It was 6pm when I went to see off my straight friend at port authority. I have known him for five years now and we worked together in my first job.  It was fun catching up on the old times etc., but once he was gone, instead of taking my bus back to Boston, i gave into the queer calling inside me.. I went ahead and reserved the ticket for 3pm bus and decided to hang out in new york.

I visit new york once in a while and I don’t actually live there, and every time I visit there is always something new to do and new people to meet. I wonder what people living in new york would have to say about this constant variety. Do they ever feel they have done it all? Do they want to settle for something when they can actually do different things?

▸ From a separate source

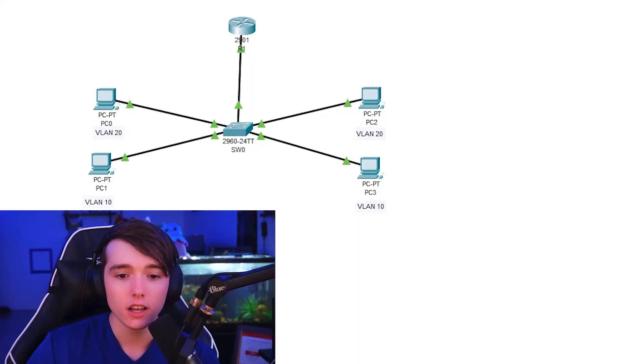So if you want to learn how to configure this, which you will need to learn how to configure this for the CCNA exam, stay tuned for that and let's get right into that.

Anyways, I called an old friend whom I met a few sholays ago. Old friend.. well not really. We have known each other for less than an year now, but in queer circle meeting the same guy for more than a couple of times brings out a different vibe. Three times is a charm,  certainly do its charm here.. Anyways, he was busy with someone and was surprised to hear that.. after all it is a saturday night. We planned to meet for dinner later that night.

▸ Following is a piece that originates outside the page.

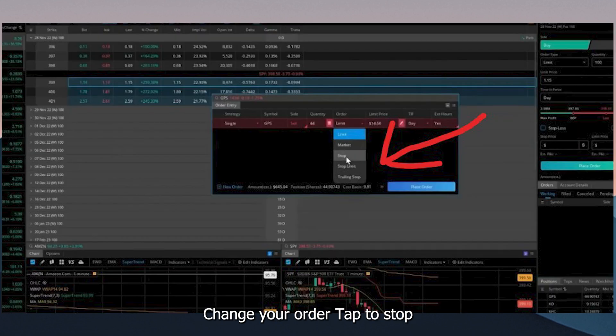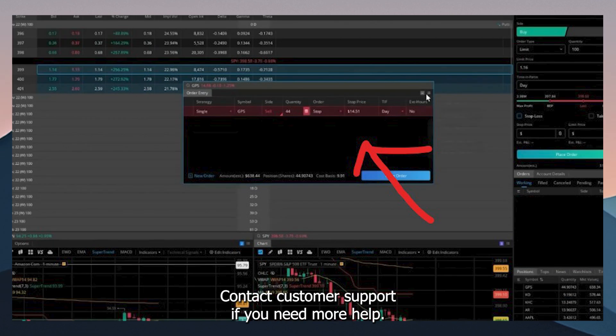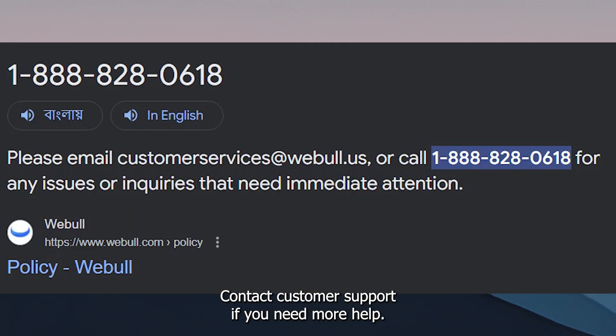Change your order type to Stop. Now put a stop price. Contact Customer Support if you need more help.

While I waited, I decided to check out the book stores. The closest big one was borders and I do love their cinnamon latte.  Took a large one, picked up a few books and took the corner seat on the second floor facing Hotel Pennsylvania. The book was an easy read,  and I enjoyed flipping the pages. However I couldn’t stop but wonder, why hadn’t I thought of finding a geek gay guy in a book store. Would my radar still work in here? Of course there is a whole section on sexuality, but I hardly see anyone picking up books there, may be next time I should pick one of those and hang around that section..

“Excuse me, could you keep a watch for my books?”, she said and I looked up. I was aware she brought a pile of books and placed them next to me. “Sure”, I smiled. I glanced at her pile and saw she had a book on Boston tourism glaring at me. The other books din’t seem to interest me that much. Anyways she was back after a few minutes with a cup of coffee. “Thank you”, we smiled at each other and were engrossed in our reading.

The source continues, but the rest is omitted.